Epidural pathologies
Most spinal lesions present with myelopathy and or radiculopathy due to the tight space between the epidural space and the spinal nerves.
Herniated Disc:
May extend into the epidural space by perforating the intervertebral disc, posterior annulus fibrous and posterior longitudinal ligament.
Appears as a disc extrusion, protrusion or sequestration. The sequestered fragment may migrate laterally, cranially or caudally in the epidural space. [Figure 7]
Epidural infections:
Pyogenic:
They can be primary causes, secondary to trauma, surgical intervention, or as a complication of vertebral osteomyelitis. Secondary hematogenous type which is more encountered in diabetics, alcoholics, cancer patients and those with immunosuppressive conditions or medications (4). Staph aureus as the most common isolated pathogen in both forms. (5).[Figure 8].
Tuberculosis (TB)
TB is common in third world countries, mainly caused by hematogenous spread of mycobacterium TB from a primary lung, lymph node or the GI tract (6). Spinal involvement accounts for 2% of all TB cases. (7)
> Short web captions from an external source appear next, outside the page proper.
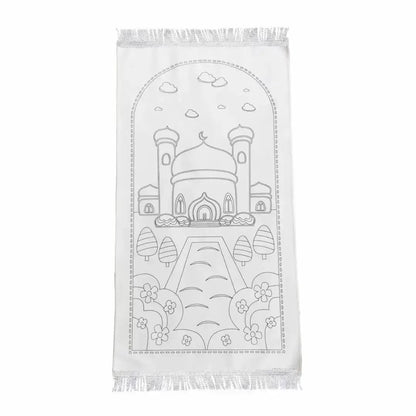 | Pack descuento x2 Alfombras de Rezo صلاة | Infantiles coloreables y lavables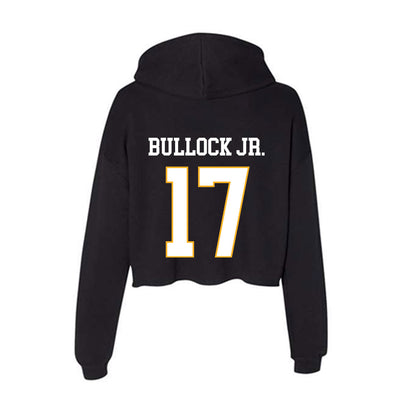 Kennesaw - NCAA Football : Gerard Bullock Jr. - Women's Crop Fleece Hoodie-1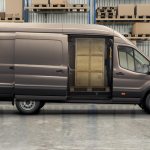 Ford transit van cargo compartment dimensions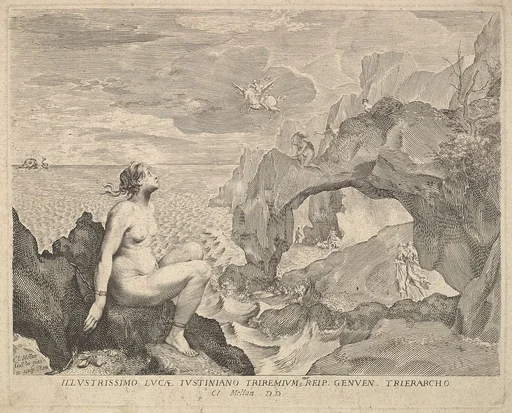 Perseus Delivering Andromeda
The disease primarily involves the vertebrae with relative sparing of the disc until late in process. Vertebral lamina erosion, soft tissue epidural abscesses and posterior spinal myositis are the MRI findings. Limb weakness, neuropathy and neural pathology can result from epidural abscesses.
Neoplastic process:
Benign:
Spinal epidural lipomatosis:
This pathology is defined by unencapsulated aggregates of lipoid tissue in the epidural space (8). The condition can be attributed to steroid use, Cushing’s syndrome or idiopathic causes. The dorsal epidural space is where this is most prominent.
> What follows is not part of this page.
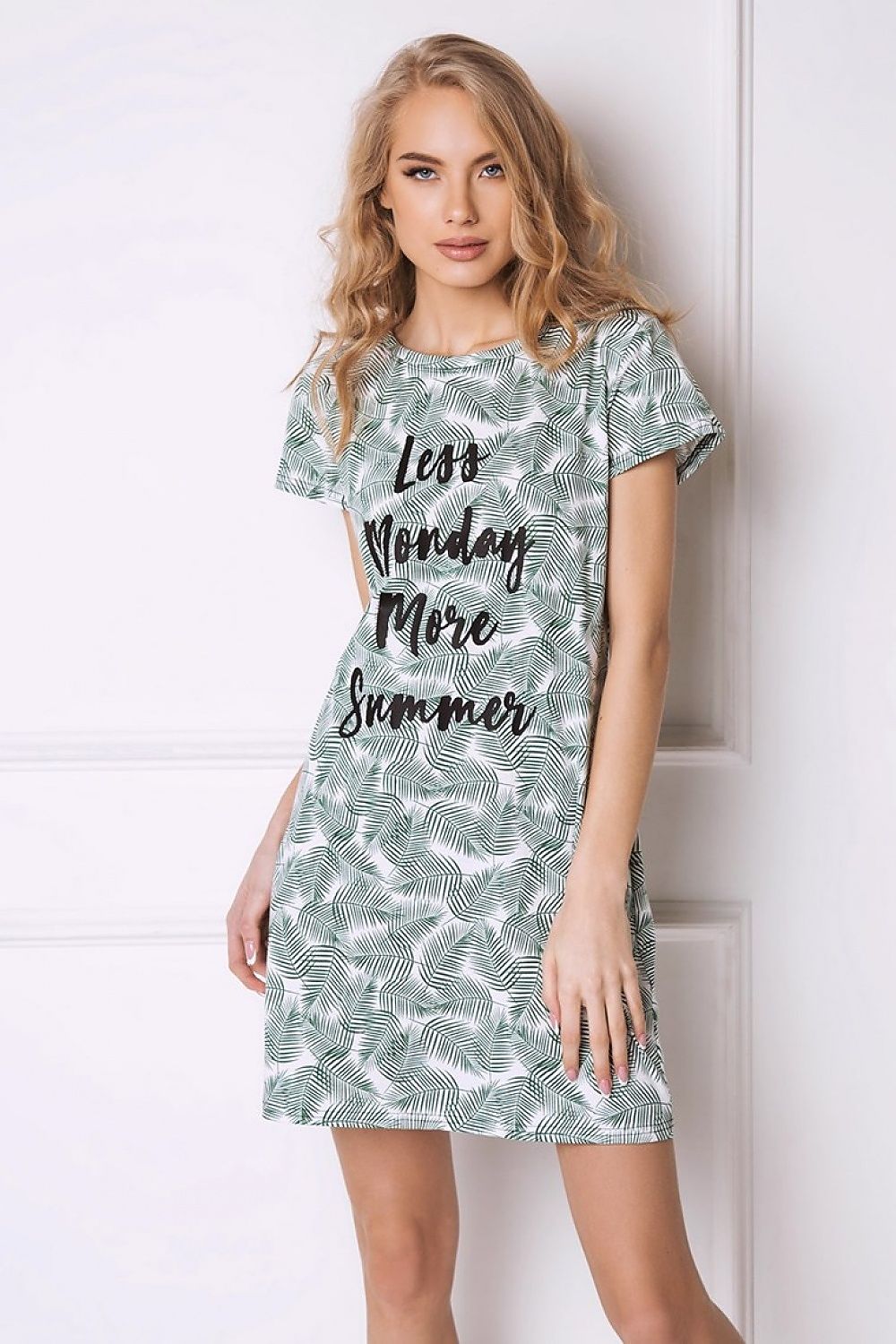 Nightgown model 124430 Aruelle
It is known for its circumferential mass effect on the dural sac and is diagnosed when epidural fat thickness excess 7mm. (9)
Spinal angiolipoma:
This lesion is usually seen in the posterior epidural space (10). The infiltrative subtype, may destruct vertebral bodies or extend through the neural foramina (11). It will show absence flow void and vague boundaries with fat within the lesion, which will differentiate it from the high flow AVMs and capillary hemangiomas.
Hemangiomas:
Depending on the feeding vessel, these lesions are sub classified into arteriovenous, cavernous, capillary, or venous.
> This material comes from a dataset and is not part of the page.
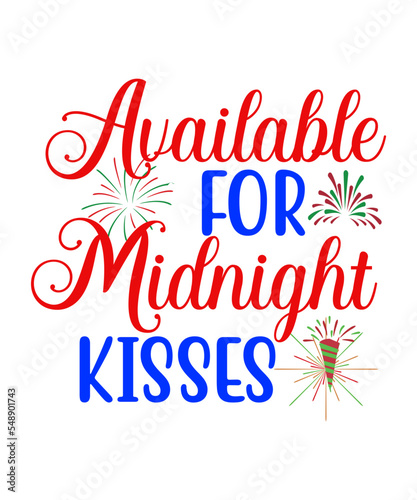 Available For Midnight Kisses SVG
Paravertebral Arteriovenous malformation:
This entity is divided into spinal arteriovenous malformations, spinal cord arteriovenous fistulas, dural arteriovenous fistulas, and arteriovenous malformation that are extradural in location but drain into the epidural veins (these are called paravertebral AVMs/AVFs). (12)
The paraspinal AVF is an uncommon variant of spinal AVFs. They include the intracanalicular and vertebral AVFs and can be due to congenital or traumatic etiology. They are mostly encountered in the cervical spine. Muscular or vertebral tributaries act as feeding vessels and drainage is usually via paravertebral, epidural or intradural veins. [Figure 9]
Neoplastic lesions:
Lymphoma:
Spinal lymphomas can be subcategorized into three types which are paraspinal, vertebral, and epidural. (13) Primary spinal epidural lymphomas are very rare and are usually of the Non Hodgkin type (14). It may occur due to hematogenous spread from unidentified lymphoid tissue or direct spread through the neural foramina from vertebral or paravertebral region.
Metastasis:
Spinal metastasis considered the third most common site following lung and liver (15). It can include the vertebral bodies, epidural space, leptomeninges and spinal cord.
Epidural soft tissue metastatic lesions may cause destruction of the adjacent vertebrae, extension along the posterior longitudinal ligament, intervertebral neural foramen involvement or compression of the dural sac and its contents. [Figure 10].
Miscellaneous
Epidural hematoma:
can be spontaneous (from coagulopathy, therapeutic thrombolysis or vascular anomalies) or post traumatic. Patients present acutely due to cord compression and tend to rapidly progress to quickly irreversible neurologic deficits. The source of bleeding is attributed to valveless epidural venous plexus that predispose these vessels to oscillate with any pressure change. (16) It was described that epidural hematoma of the cervical region is attributed to arterial origin from anastomosis between radicular arteries in the epidural space (17).[ Figure 11,12.]
It is usually variable signal intensity according to the age of the hemorrhagic component. Gradient/ SWI sequences will confirm the presence of blood products. Enhancement is usually peripheral but may be variability.